Correlation Between China Securities and Loongson Technology

Specify exactly 2 symbols:
Can any of the company-specific risk be diversified away by investing in both China Securities and Loongson Technology at the same time? Although using a correlation coefficient on its own may not help to predict future stock returns, this module helps to understand the diversifiable risk of combining China Securities and Loongson Technology into the same portfolio, which is an essential part of the fundamental portfolio management process.
By analyzing existing cross correlation between China Securities 800 and Loongson Technology Corp, you can compare the effects of market volatilities on China Securities and Loongson Technology and check how they will diversify away market risk if combined in the same portfolio for a given time horizon. You can also utilize pair trading strategies of matching a long position in China Securities with a short position of Loongson Technology. Check out your portfolio center. Please also check ongoing floating volatility patterns of China Securities and Loongson Technology.

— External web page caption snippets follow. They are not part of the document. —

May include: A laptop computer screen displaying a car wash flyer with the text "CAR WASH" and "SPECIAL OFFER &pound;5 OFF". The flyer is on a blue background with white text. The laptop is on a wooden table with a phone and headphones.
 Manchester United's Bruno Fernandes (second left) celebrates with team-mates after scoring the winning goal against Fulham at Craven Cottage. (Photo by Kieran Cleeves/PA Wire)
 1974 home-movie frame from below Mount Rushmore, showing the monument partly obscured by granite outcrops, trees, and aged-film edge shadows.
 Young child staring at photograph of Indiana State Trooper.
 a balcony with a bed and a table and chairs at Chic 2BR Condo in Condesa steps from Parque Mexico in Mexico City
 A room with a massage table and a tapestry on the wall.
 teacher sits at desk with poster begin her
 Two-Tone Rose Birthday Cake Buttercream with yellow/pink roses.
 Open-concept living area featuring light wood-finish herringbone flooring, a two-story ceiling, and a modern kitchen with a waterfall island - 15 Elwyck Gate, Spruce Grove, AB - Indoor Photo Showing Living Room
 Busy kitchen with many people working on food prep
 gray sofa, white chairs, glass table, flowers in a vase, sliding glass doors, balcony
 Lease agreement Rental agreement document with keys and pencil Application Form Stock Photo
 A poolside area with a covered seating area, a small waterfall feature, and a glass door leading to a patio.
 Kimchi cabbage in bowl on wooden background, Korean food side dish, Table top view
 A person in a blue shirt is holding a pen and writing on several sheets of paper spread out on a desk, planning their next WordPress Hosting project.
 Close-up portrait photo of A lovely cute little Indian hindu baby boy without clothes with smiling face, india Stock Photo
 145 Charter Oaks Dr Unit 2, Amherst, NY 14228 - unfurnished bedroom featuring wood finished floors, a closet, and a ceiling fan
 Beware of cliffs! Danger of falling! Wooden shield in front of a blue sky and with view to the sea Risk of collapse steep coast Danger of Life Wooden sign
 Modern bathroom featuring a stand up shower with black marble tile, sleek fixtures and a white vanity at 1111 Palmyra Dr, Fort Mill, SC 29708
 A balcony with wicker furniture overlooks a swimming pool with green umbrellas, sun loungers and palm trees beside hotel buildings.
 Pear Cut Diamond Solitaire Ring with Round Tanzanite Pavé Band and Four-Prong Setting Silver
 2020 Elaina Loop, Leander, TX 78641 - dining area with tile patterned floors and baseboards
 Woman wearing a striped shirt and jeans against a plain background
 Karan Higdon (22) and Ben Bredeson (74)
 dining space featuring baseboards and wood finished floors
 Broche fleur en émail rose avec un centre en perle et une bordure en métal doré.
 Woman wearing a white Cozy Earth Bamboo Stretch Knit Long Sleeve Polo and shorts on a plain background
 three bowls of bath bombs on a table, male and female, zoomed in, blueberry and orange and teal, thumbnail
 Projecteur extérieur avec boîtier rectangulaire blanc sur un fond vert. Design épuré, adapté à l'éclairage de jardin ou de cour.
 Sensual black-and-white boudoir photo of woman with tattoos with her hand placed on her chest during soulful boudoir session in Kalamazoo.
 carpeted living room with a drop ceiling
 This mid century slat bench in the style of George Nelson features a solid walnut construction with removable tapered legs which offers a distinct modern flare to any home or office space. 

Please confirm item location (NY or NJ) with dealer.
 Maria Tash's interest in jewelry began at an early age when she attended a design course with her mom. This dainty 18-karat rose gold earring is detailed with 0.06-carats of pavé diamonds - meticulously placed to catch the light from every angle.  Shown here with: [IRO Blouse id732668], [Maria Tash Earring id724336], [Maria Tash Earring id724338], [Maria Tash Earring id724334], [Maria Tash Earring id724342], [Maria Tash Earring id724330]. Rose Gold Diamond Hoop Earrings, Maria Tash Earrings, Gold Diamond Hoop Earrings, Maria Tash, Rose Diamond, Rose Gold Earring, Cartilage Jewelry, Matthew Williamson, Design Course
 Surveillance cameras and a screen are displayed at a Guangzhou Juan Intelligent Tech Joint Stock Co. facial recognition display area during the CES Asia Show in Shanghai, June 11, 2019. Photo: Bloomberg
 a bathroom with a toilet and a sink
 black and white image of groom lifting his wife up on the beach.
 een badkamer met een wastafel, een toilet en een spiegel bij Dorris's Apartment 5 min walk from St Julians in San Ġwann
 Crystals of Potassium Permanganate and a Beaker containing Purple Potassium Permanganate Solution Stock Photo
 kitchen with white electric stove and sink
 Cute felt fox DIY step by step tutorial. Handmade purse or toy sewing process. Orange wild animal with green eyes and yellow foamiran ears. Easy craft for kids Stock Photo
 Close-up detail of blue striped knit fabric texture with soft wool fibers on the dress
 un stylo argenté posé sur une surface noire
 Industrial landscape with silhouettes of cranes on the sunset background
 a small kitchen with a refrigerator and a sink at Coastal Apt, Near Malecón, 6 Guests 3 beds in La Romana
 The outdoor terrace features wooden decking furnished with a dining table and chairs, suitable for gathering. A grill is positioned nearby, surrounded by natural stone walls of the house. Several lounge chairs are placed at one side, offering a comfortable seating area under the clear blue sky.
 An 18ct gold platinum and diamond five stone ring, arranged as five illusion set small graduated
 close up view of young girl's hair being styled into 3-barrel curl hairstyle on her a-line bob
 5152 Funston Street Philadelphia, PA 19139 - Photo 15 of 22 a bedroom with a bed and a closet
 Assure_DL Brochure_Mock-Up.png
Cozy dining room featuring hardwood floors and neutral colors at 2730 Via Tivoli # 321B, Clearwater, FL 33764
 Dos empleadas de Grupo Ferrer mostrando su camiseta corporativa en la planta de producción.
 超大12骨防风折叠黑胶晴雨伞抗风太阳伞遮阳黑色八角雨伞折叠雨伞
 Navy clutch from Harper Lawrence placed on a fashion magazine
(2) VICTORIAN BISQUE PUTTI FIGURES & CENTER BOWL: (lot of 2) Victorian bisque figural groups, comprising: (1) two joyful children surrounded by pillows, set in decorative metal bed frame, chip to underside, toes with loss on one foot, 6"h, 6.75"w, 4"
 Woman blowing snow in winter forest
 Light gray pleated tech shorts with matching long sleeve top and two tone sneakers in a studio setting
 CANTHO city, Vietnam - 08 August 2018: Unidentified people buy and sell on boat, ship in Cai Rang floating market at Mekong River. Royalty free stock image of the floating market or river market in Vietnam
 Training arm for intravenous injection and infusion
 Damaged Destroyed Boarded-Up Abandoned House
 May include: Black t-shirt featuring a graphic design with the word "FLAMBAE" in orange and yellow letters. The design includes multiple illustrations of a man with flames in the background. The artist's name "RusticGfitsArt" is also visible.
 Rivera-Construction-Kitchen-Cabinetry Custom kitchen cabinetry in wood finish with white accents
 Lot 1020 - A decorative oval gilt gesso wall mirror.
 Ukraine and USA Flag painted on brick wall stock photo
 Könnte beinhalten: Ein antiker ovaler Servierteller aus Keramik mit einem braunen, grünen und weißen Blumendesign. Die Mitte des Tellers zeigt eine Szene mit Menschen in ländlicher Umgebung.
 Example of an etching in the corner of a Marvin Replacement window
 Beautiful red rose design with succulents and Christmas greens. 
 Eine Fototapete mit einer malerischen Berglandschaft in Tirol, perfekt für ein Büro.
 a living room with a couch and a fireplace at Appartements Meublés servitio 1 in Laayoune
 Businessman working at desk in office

Diversification Opportunities for China Securities and Loongson Technology

0.93
  Correlation Coefficient

Almost no diversification

The 3 months correlation between China and Loongson is 0.93. Overlapping area represents the amount of risk that can be diversified away by holding China Securities 800 and Loongson Technology Corp in the same portfolio, assuming nothing else is changed. The correlation between historical prices or returns on Loongson Technology Corp and China Securities is a relative statistical measure of the degree to which these equity instruments tend to move together. The correlation coefficient measures the extent to which returns on China Securities 800 are associated (or correlated) with Loongson Technology. Values of the correlation coefficient range from -1 to +1, where. The correlation of zero (0) is possible when the price movement of Loongson Technology Corp has no effect on the direction of China Securities i.e., China Securities and Loongson Technology go up and down completely randomly.
    Optimize

Pair Corralation between China Securities and Loongson Technology

Assuming the 90 days trading horizon China Securities is expected to generate 40.8 times less return on investment than Loongson Technology. But when comparing it to its historical volatility, China Securities 800 is 2.87 times less risky than Loongson Technology. It trades about 0.01 of its potential returns per unit of risk. Loongson Technology Corp is currently generating about 0.21 of returns per unit of risk over similar time horizon. If you would invest  13,762  in Loongson Technology Corp on September 1, 2024 and sell it today you would earn a total of  2,758  from holding Loongson Technology Corp or generate 20.04% return on investment over 90 days.
Time Period3 Months [change]
DirectionMoves Together 
StrengthVery Strong
Accuracy100.0%
ValuesDaily Returns

China Securities 800  vs.  Loongson Technology Corp

 Performance 
       Timeline  

China Securities and Loongson Technology Volatility Contrast

   Predicted Return Density   
       Returns  

Pair Trading with China Securities and Loongson Technology

The main advantage of trading using opposite China Securities and Loongson Technology positions is that it hedges away some unsystematic risk. Because of two separate transactions, even if China Securities position performs unexpectedly, Loongson Technology can make up some of the losses. Pair trading also minimizes risk from directional movements in the market. For example, if an entire industry or sector drops because of unexpected headlines, the short position in Loongson Technology will offset losses from the drop in Loongson Technology's long position.
The idea behind China Securities 800 and Loongson Technology Corp pairs trading is to make the combined position market-neutral, meaning the overall market's direction will not affect its win or loss (or potential downside or upside). This can be achieved by designing a pairs trade with two highly correlated stocks or equities that operate in a similar space or sector, making it possible to obtain profits through simple and relatively low-risk investment.
Check out your portfolio center.
Note that this page's information should be used as a complementary analysis to find the right mix of equity instruments to add to your existing portfolios or create a brand new portfolio. You can also try the Equity Analysis module to research over 250,000 global equities including funds, stocks and ETFs to find investment opportunities.

Other Complementary Tools

Bond Analysis
Evaluate and analyze corporate bonds as a potential investment for your portfolios.
Portfolio Volatility
Check portfolio volatility and analyze historical return density to properly model market risk
Crypto Correlations
Use cryptocurrency correlation module to diversify your cryptocurrency portfolio across multiple coins
Earnings Calls
Check upcoming earnings announcements updated hourly across public exchanges
Sync Your Broker
Sync your existing holdings, watchlists, positions or portfolios from thousands of online brokerage services, banks, investment account aggregators and robo-advisors.